» **What is expected**
Pictures excluded, copy all of the data below exactly.

Crawled caption data
== == ==

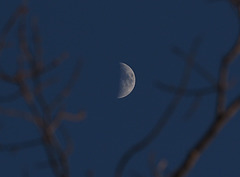 Late day day moon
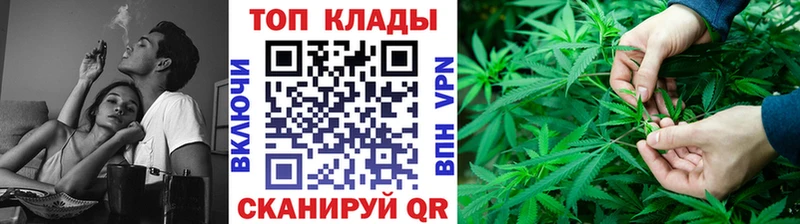 Где купить Камень-на-Оби Бошки Шишки  Cocaine  Альфа ПВП  Меф мяу мяу  Амфетамин  ГАШ 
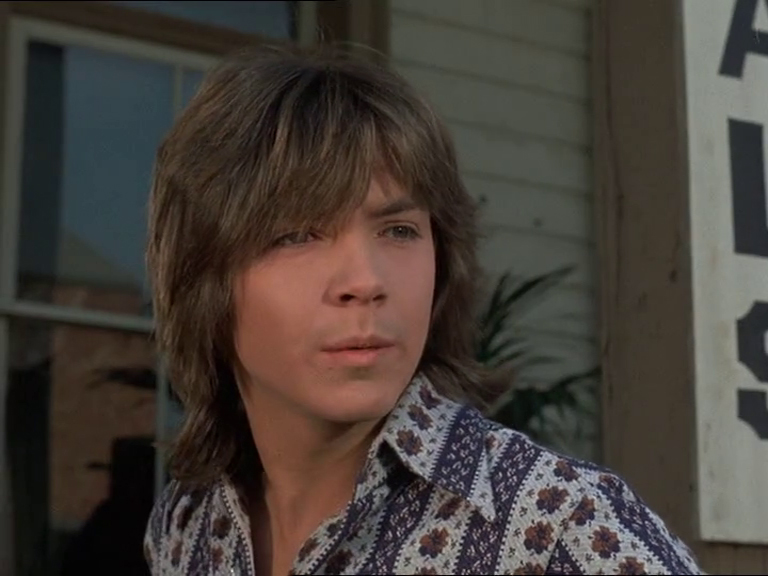 David Cassidy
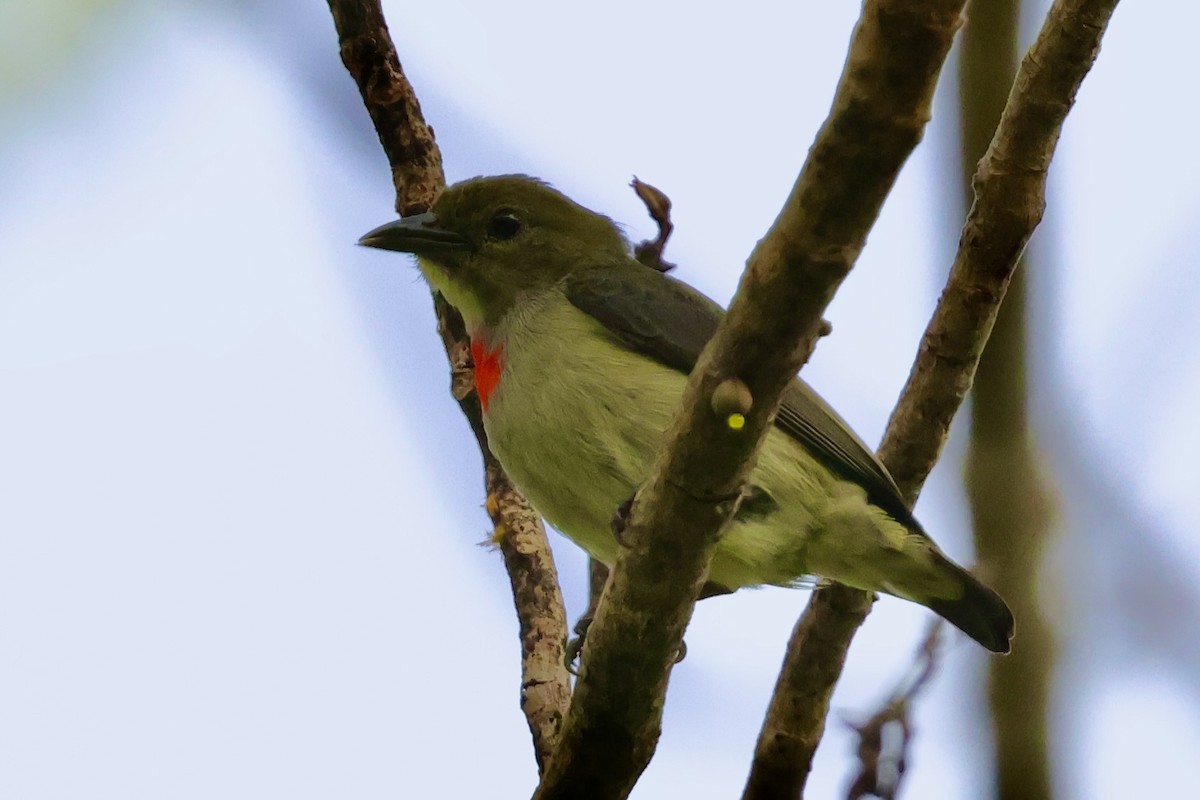 Olive-crowned Flowerpecker - ML643015223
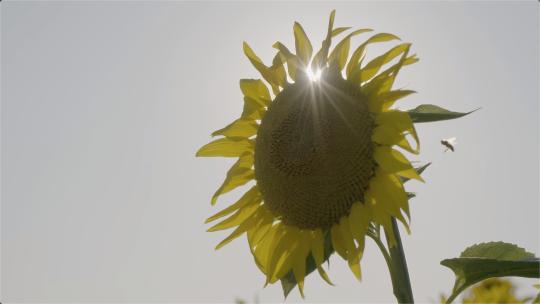 阳光下的向日葵蜜蜂采蜜视频素材模板下载
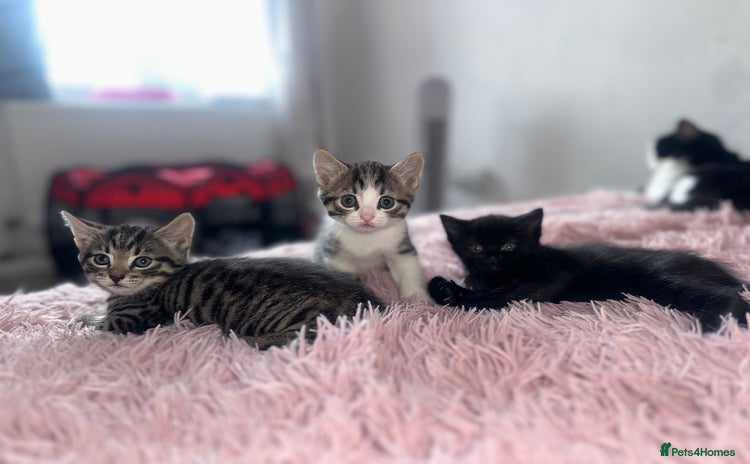 Domestic Shorthair cats - Advert 3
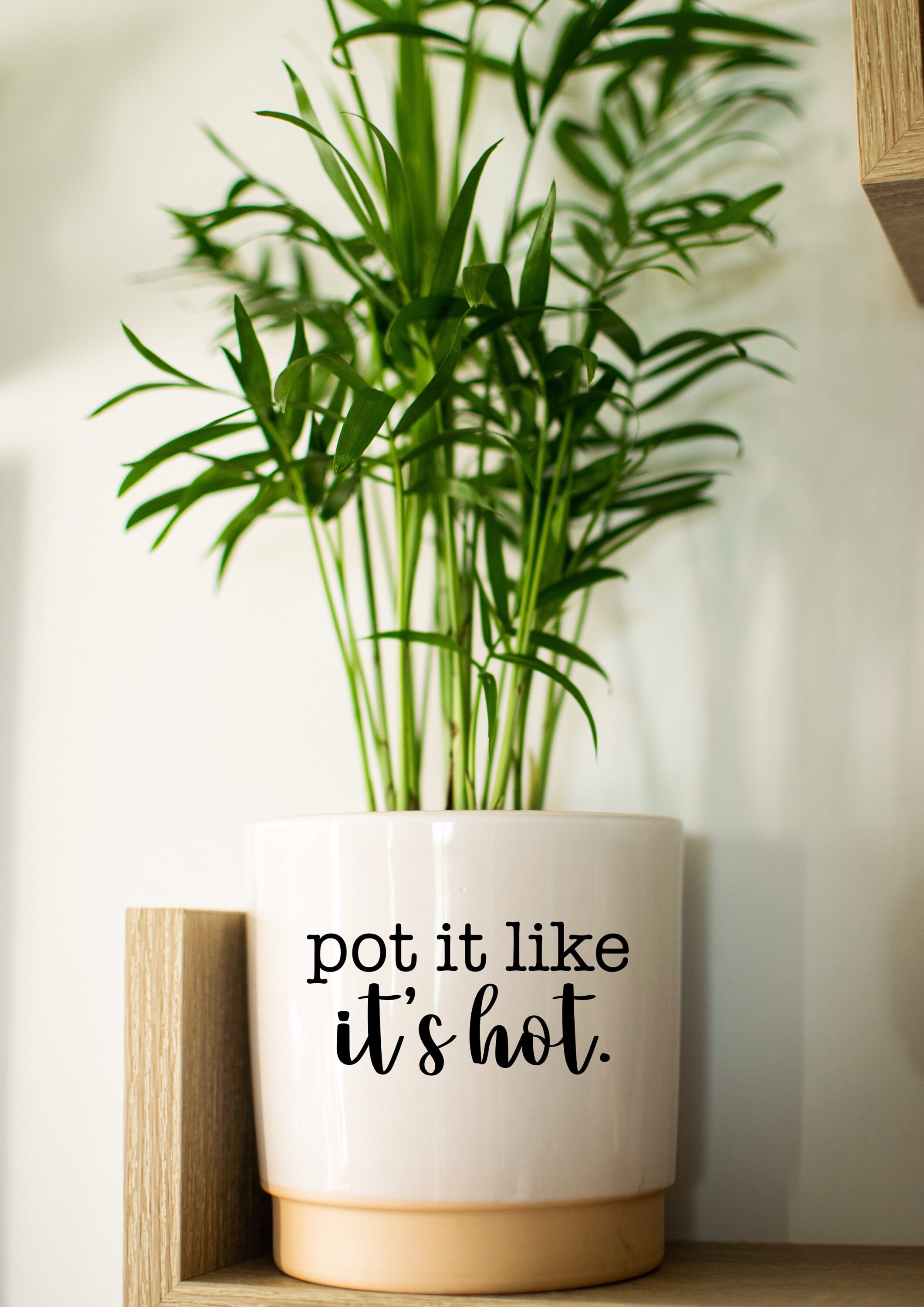 Plant Pot Stickers Labels Plants Decal Vinyl Sticker Etsy.de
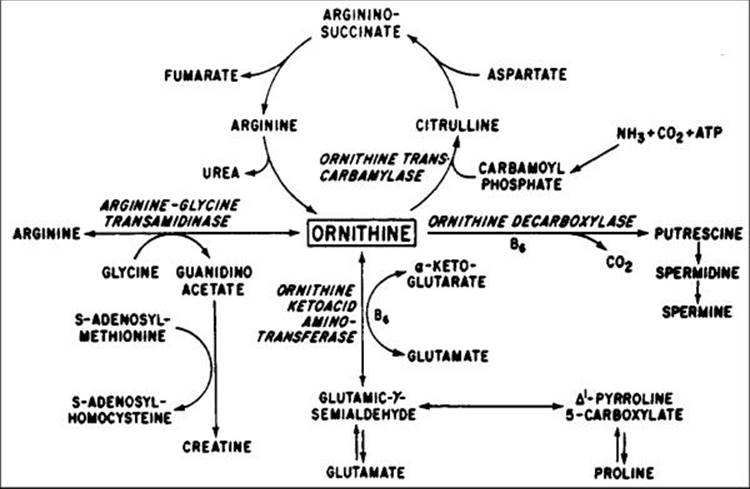 Click to view full size figure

== == ==

» **Result for this task**
 Late day day moon
 Где купить Камень-на-Оби Бошки Шишки  Cocaine  Альфа ПВП  Меф мяу мяу  Амфетамин  ГАШ 
 David Cassidy
 Olive-crowned Flowerpecker - ML643015223
 阳光下的向日葵蜜蜂采蜜视频素材模板下载
 Domestic Shorthair cats - Advert 3
 Plant Pot Stickers Labels Plants Decal Vinyl Sticker Etsy.de
 Click to view full size figure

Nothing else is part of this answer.